Destarte, faz-se necessária a utilização de um raciocínio jurídico que admita que as regras jurídicas são dotadas de exceções implícitas, e esse raciocínio é o que a doutrina denominada de derrotabilidade, ou seja, admite-se o afastamento da regra geral, num determinado caso concreto, diante da evidente incompatibilidade entre a hipótese descritiva da norma e sua finalidade.
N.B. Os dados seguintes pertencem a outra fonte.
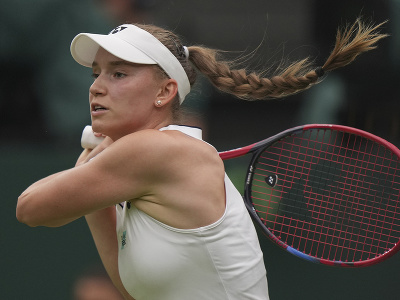 Kazašská tenistka Jelena Rybakinová počas 1. kola Wimbledonu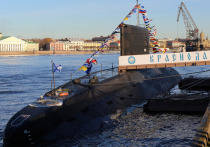 Подводная лодка «Краснодар» Черноморского флота отправится на плановый ремонт в Кронштадтский морской завод. Она на время выйдет из состава постоянного оперативного соединения ВМФ России в Средиземном море, пишет ТАСС со ссылкой на источник.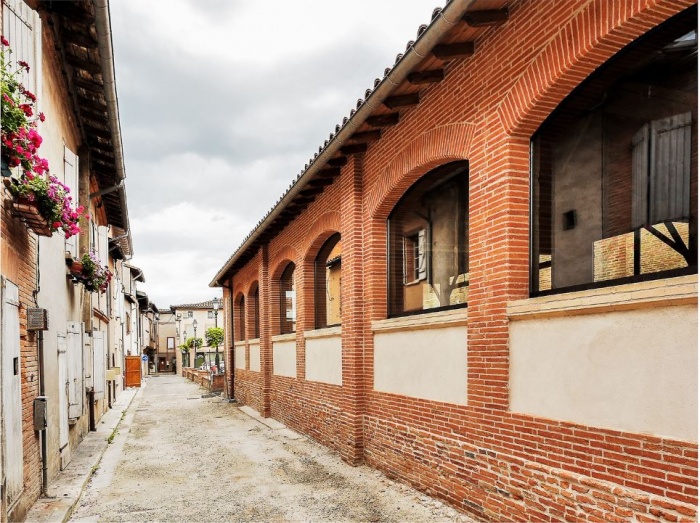 Reconversion de l'ancien préau scolaire en salle de réunion à Fronton (31) : rue des chevaliers de Malte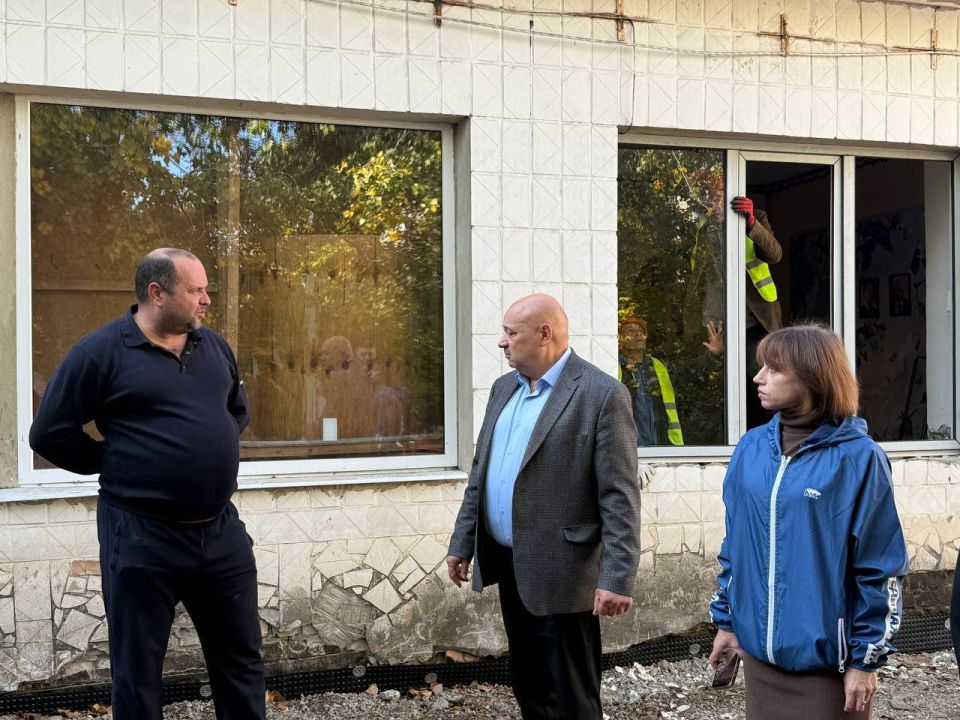 Виктория Сергеева: По моему поручению первый заместитель Главы Василий Васильевич Ткачев сегодня побывал на объекте, где проводится капитальный ремонт Кировского историко-художественного музея в рамках Федерального проекта... Виктория Сергеева: По моему поручению первый заместитель Главы Василий Васильевич Ткачев сегодня побывал на объекте, где проводится капитальный ремонт Кировского историко-художественного музея в рамках Федерального проекта...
Inclusive, em nosso ordenamento jurídico, vemos a evolução prática e quase que explicita do princípio da derrotabilidade, para tanto, basta-nos observar o Decreto Lei nº 4.657, de 4 de setembro de 1942 (Lei de Introdução às Normas Básicas do Direito Brasileiro), alterado pelas Leis nº 12.376/2010 e 13.655/2018, principalmente em seu artigo 22, caput e parágrafo § 1º, deixa claro e explícita a possibilidade de o gestor público interpretar as normas e fazer a sua aplicação levando em conta os percalços vividos naquele momento, in verbis:

Art. 22.  Na interpretação de normas sobre gestão pública, serão considerados os obstáculos e as dificuldades reais do gestor e as exigências das políticas públicas a seu cargo, sem prejuízo dos direitos dos administrados. (Incluído pela Lei nº 13.655, de 2018)
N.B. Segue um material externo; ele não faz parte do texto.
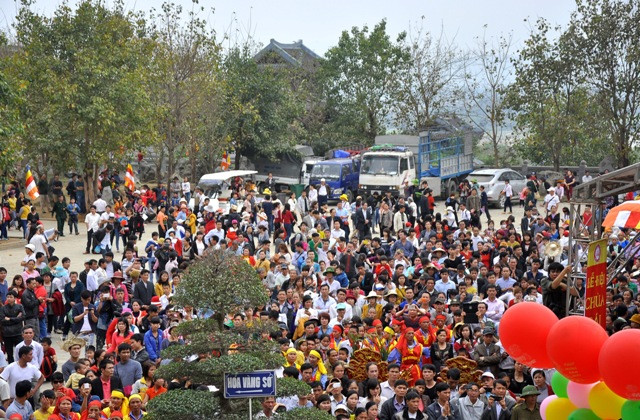 Trong ngày Lễ hội chùa Bái Đính có nhiều nghi thức độc đáo hấp dẫn du khách tới du xuân.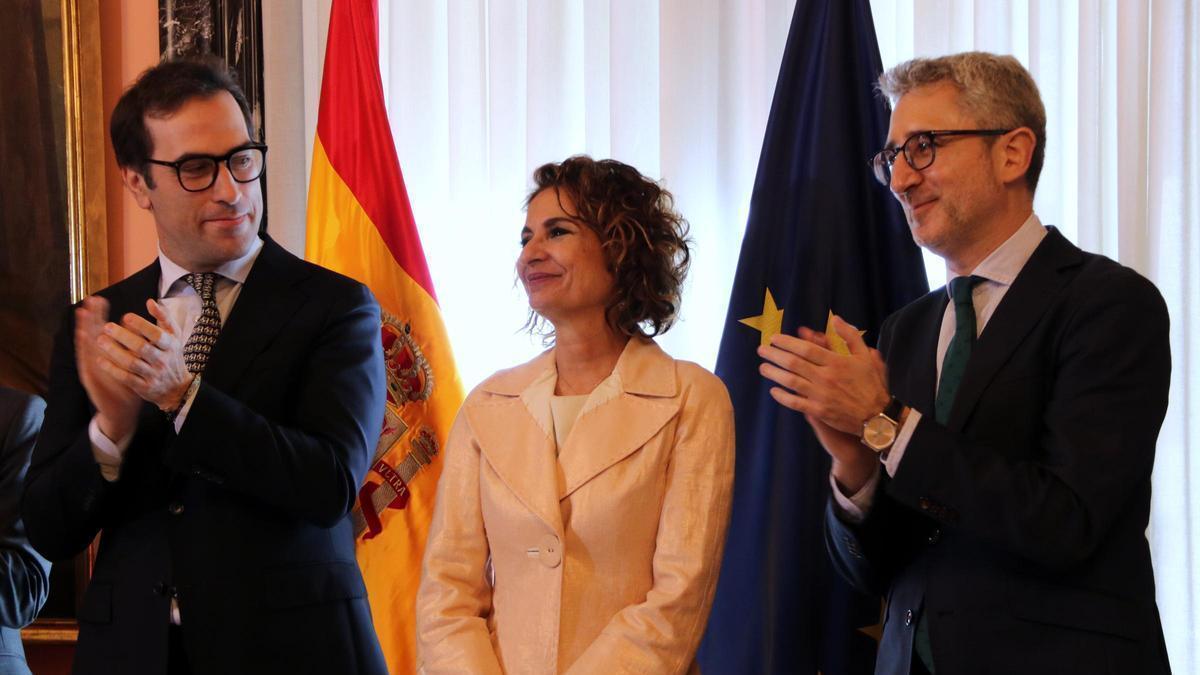 La vicepresidenta sortint María Jesús Montero i els ministres Carlos Cuerpo i Arcadi España, aquest divendres a Madrid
§1º Em decisão sobre regularidade de conduta ou validade de ato, contrato, ajuste, processo ou norma administrativa, serão consideradas as circunstâncias práticas que houverem imposto, limitado ou condicionado a ação do agente. (Incluído pela Lei nº 13.655, de 2018)

Vale registrar que a própria Lei de Introdução às Normas Básicas do Direito Brasileiro foi alterada para que sua redação fosse mais adequada, possibilitando ao gestor observar o primado da realidade quanto à luz da contextualização do caso concreto, sendo possível examinar as medidas mais aptas a afastar ou minimizar o rigor da norma com uma decisão mais equilibrada e com efeitos e resultados apropriados ao rigor do caso concreto.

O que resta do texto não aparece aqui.